▶ [Exercise objective]: Below is some data. Retype exactly the lines starting at the one with "2026 Li Auto" and ending at the one with "bodyguardapotheke REMIFEMIN plus".

▶ [Data to process]:
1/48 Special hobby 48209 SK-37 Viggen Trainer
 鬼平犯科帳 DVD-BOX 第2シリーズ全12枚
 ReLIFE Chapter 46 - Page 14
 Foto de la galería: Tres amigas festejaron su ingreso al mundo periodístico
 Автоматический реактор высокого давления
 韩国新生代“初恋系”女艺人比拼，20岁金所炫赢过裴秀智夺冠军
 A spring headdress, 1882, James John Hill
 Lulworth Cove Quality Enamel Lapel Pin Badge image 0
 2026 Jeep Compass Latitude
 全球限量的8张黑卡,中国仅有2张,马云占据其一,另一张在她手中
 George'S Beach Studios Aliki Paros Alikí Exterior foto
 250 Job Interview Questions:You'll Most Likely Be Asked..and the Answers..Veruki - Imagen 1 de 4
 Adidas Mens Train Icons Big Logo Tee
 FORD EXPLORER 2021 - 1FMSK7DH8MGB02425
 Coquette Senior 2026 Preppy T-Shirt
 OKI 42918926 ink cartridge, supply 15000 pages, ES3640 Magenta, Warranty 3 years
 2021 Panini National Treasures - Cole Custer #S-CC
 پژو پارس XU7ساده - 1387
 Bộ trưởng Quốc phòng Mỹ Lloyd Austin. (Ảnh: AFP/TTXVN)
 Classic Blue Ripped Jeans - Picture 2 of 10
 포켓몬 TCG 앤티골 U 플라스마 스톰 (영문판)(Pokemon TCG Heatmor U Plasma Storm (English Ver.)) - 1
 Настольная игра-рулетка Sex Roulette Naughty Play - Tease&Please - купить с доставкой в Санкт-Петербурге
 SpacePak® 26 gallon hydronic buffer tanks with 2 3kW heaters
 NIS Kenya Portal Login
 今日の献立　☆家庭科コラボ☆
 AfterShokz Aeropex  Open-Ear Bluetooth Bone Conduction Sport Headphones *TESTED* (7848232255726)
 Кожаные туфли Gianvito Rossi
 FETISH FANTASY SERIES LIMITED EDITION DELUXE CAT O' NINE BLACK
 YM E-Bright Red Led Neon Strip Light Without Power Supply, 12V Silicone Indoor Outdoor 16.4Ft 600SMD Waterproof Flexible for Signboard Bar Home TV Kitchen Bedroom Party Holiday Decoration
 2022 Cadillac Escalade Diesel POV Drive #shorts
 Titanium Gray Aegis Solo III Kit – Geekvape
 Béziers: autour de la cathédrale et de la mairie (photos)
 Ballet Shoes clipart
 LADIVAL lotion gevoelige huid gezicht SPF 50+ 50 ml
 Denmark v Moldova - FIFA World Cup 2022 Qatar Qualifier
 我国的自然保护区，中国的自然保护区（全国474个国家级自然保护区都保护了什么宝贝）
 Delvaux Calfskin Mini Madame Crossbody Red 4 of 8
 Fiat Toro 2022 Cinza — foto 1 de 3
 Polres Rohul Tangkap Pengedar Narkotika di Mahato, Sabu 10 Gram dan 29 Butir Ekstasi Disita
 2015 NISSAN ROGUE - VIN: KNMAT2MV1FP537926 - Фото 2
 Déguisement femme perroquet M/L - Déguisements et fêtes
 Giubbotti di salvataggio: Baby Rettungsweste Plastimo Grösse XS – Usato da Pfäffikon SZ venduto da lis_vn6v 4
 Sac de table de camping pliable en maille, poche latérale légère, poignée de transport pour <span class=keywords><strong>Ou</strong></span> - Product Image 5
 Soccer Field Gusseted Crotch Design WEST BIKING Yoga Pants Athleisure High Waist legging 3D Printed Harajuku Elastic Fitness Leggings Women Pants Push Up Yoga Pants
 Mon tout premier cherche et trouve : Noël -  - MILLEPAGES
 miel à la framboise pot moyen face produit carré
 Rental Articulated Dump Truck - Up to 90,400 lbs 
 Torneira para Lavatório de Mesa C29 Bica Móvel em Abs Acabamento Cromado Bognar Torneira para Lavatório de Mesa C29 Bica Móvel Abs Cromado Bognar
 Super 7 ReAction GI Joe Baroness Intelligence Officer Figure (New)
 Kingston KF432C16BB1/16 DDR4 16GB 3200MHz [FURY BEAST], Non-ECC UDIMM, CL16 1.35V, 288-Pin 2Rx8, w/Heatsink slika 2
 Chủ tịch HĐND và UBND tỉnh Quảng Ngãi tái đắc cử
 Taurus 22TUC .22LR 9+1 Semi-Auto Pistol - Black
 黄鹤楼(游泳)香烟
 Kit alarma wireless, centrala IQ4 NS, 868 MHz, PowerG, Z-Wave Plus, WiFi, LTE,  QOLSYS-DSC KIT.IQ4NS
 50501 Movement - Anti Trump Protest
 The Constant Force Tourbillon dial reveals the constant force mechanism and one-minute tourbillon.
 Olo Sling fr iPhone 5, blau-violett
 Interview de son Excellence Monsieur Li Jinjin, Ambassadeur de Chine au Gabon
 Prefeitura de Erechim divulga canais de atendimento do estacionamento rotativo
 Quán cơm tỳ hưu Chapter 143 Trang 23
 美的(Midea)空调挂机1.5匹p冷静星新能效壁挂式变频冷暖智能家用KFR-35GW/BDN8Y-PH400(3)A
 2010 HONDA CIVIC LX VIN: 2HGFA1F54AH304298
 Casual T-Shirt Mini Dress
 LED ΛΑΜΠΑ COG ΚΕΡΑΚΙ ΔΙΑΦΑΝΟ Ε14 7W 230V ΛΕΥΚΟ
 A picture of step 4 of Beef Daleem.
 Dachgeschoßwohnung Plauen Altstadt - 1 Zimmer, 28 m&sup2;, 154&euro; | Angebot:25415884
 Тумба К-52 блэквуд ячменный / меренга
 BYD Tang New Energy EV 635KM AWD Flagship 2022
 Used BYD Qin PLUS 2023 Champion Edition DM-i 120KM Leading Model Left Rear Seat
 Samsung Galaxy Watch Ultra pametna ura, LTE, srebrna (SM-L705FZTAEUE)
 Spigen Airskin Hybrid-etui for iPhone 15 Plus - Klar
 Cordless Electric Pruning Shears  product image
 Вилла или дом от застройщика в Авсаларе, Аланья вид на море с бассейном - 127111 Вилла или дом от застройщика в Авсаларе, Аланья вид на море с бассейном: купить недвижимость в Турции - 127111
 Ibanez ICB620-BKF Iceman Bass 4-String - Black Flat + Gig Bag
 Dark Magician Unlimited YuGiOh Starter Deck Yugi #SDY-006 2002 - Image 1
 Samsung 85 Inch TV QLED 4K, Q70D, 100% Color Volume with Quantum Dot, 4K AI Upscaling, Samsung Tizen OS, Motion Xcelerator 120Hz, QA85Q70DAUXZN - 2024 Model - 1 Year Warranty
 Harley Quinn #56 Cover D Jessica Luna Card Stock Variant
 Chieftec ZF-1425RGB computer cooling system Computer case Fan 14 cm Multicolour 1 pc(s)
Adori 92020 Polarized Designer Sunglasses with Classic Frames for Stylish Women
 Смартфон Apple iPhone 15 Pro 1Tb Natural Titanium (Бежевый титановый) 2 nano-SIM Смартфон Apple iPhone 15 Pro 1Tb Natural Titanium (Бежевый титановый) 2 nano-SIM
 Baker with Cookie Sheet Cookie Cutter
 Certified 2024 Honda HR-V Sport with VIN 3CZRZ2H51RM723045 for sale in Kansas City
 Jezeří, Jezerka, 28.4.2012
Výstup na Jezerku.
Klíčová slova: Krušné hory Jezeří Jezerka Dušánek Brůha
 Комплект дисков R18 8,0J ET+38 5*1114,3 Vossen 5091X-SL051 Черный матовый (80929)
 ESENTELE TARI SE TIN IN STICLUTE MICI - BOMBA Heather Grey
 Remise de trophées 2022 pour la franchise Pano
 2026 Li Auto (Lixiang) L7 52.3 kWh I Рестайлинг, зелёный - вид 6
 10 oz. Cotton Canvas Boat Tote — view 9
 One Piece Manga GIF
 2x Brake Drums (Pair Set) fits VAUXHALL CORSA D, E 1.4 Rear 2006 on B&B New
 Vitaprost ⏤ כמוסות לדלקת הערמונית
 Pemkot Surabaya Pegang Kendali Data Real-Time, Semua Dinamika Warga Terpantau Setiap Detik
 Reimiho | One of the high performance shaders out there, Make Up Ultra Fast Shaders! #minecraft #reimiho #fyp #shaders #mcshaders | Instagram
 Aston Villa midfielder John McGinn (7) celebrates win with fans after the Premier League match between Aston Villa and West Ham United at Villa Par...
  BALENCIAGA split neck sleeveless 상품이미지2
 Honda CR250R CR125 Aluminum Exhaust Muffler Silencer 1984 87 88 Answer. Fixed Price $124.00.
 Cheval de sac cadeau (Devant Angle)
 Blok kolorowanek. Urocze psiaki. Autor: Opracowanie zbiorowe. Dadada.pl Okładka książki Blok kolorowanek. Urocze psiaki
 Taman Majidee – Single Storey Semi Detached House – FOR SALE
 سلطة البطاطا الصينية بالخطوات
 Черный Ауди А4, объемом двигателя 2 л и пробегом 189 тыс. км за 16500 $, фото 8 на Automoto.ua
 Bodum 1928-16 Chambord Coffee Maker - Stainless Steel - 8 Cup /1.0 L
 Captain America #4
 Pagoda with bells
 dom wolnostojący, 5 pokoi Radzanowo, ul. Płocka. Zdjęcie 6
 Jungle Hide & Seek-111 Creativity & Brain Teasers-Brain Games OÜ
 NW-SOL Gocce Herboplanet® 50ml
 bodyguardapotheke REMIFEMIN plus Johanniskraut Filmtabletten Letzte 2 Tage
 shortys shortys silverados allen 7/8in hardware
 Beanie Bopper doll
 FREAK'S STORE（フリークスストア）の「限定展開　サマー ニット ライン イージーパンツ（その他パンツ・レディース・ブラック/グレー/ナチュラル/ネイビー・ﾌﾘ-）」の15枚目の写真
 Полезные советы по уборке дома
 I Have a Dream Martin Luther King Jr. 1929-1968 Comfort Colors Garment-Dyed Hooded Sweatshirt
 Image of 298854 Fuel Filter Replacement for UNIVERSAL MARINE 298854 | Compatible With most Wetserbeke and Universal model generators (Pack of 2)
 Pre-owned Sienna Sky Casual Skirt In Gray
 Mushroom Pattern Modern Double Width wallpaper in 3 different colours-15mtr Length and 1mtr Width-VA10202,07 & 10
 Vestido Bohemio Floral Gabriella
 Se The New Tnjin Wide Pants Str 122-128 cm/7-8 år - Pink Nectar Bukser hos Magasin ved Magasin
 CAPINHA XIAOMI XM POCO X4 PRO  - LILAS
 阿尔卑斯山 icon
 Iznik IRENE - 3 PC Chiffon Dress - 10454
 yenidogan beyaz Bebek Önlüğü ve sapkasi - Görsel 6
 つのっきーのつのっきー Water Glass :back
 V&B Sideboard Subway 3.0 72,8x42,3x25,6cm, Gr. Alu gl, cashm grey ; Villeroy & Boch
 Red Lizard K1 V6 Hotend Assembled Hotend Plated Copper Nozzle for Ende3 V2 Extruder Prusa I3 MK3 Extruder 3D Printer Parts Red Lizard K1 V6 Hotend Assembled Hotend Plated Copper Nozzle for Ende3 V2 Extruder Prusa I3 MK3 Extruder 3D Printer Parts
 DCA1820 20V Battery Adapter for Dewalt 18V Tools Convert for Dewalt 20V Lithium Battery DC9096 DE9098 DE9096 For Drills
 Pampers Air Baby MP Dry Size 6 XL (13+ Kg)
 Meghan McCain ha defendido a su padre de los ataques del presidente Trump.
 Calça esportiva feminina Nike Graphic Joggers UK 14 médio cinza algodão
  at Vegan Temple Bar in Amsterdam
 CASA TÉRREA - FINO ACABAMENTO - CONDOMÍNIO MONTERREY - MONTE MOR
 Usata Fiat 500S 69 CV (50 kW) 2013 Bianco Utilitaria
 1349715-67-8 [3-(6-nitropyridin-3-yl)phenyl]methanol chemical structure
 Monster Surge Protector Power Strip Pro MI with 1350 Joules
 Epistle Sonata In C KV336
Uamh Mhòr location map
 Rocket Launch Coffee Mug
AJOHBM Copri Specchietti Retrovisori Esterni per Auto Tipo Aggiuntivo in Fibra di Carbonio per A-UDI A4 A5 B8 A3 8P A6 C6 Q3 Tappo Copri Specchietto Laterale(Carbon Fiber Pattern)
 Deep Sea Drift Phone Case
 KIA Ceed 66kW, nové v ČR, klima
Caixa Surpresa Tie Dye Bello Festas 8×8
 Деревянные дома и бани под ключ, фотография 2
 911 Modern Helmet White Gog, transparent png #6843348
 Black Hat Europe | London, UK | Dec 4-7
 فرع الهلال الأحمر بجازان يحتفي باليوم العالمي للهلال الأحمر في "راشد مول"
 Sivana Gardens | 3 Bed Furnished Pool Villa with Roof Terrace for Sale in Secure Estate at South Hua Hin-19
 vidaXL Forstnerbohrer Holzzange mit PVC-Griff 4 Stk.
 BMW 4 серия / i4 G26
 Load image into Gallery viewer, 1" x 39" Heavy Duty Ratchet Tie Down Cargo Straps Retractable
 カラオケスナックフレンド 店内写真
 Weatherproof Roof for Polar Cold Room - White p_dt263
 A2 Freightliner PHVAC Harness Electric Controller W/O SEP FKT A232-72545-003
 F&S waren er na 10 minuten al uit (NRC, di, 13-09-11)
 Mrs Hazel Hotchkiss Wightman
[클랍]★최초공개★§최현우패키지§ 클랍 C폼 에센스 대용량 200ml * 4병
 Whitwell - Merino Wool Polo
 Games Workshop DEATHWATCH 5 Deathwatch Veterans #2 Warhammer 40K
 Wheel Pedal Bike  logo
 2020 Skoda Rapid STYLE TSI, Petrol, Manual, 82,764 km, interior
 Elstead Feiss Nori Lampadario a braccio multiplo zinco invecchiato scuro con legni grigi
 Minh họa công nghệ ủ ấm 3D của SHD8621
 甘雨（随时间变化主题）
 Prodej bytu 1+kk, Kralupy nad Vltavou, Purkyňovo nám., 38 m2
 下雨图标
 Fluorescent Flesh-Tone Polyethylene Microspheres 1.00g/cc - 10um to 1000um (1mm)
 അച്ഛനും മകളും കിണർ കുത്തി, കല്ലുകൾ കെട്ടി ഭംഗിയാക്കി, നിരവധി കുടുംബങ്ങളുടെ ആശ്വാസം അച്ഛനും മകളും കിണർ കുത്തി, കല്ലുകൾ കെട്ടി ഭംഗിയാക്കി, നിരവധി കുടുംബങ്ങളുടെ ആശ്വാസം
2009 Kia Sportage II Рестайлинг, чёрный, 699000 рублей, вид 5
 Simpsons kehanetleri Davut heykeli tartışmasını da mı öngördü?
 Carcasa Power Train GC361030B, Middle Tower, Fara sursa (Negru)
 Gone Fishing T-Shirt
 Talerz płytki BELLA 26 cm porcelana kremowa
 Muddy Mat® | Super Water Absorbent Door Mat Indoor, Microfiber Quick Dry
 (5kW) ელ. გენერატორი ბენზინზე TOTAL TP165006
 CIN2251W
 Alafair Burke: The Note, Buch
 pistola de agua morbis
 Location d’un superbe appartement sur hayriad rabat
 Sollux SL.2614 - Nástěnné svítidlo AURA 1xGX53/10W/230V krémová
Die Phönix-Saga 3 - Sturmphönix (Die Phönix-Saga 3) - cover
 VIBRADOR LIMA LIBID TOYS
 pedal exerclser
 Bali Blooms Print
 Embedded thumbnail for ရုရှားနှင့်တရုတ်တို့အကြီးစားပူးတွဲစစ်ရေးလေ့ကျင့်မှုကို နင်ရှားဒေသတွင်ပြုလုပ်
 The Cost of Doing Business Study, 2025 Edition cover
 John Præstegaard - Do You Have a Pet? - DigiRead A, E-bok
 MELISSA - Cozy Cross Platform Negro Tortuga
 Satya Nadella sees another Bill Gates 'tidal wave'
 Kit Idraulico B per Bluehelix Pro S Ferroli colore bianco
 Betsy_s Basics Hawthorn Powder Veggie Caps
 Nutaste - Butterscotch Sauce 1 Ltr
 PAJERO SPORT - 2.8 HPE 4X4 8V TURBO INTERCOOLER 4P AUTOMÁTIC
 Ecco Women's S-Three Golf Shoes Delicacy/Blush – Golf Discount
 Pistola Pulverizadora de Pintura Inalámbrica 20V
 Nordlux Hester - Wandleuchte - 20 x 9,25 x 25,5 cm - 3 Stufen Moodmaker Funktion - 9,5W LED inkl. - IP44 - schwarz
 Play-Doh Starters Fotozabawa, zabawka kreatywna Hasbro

▶ [Expected answer]:
 2026 Li Auto (Lixiang) L7 52.3 kWh I Рестайлинг, зелёный - вид 6
 10 oz. Cotton Canvas Boat Tote — view 9
 One Piece Manga GIF
 2x Brake Drums (Pair Set) fits VAUXHALL CORSA D, E 1.4 Rear 2006 on B&B New
 Vitaprost ⏤ כמוסות לדלקת הערמונית
 Pemkot Surabaya Pegang Kendali Data Real-Time, Semua Dinamika Warga Terpantau Setiap Detik
 Reimiho | One of the high performance shaders out there, Make Up Ultra Fast Shaders! #minecraft #reimiho #fyp #shaders #mcshaders | Instagram
 Aston Villa midfielder John McGinn (7) celebrates win with fans after the Premier League match between Aston Villa and West Ham United at Villa Par...
  BALENCIAGA split neck sleeveless 상품이미지2
 Honda CR250R CR125 Aluminum Exhaust Muffler Silencer 1984 87 88 Answer. Fixed Price $124.00.
 Cheval de sac cadeau (Devant Angle)
 Blok kolorowanek. Urocze psiaki. Autor: Opracowanie zbiorowe. Dadada.pl Okładka książki Blok kolorowanek. Urocze psiaki
 Taman Majidee – Single Storey Semi Detached House – FOR SALE
 سلطة البطاطا الصينية بالخطوات
 Черный Ауди А4, объемом двигателя 2 л и пробегом 189 тыс. км за 16500 $, фото 8 на Automoto.ua
 Bodum 1928-16 Chambord Coffee Maker - Stainless Steel - 8 Cup /1.0 L
 Captain America #4
 Pagoda with bells
 dom wolnostojący, 5 pokoi Radzanowo, ul. Płocka. Zdjęcie 6
 Jungle Hide & Seek-111 Creativity & Brain Teasers-Brain Games OÜ
 NW-SOL Gocce Herboplanet® 50ml
 bodyguardapotheke REMIFEMIN plus Johanniskraut Filmtabletten Letzte 2 Tage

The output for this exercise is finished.